COLLECTED MATERIAL -
______
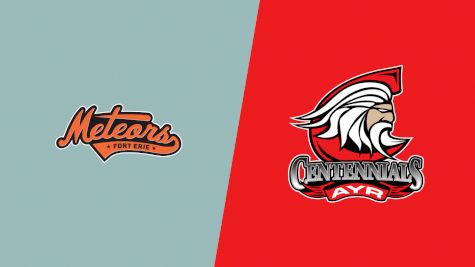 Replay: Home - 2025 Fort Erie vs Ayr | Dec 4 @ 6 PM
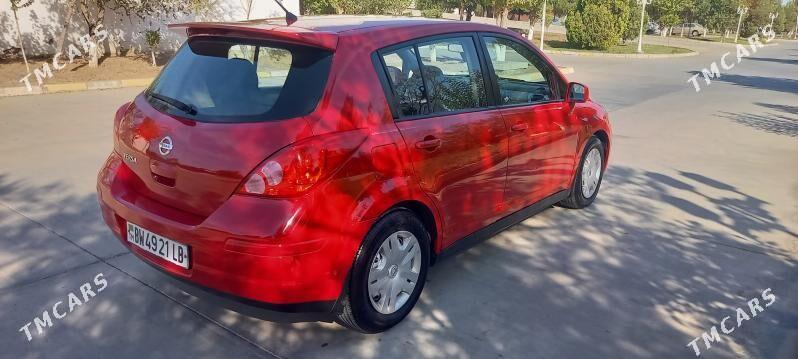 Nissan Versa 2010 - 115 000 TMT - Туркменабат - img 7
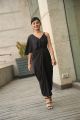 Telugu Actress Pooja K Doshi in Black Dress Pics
______
ACTION ITEM - The response must match the listing exactly, except that pictures are removed.

RESULT FOR THIS EXERCISE -
 Replay: Home - 2025 Fort Erie vs Ayr | Dec 4 @ 6 PM
 Nissan Versa 2010 - 115 000 TMT - Туркменабат - img 7
 Telugu Actress Pooja K Doshi in Black Dress Pics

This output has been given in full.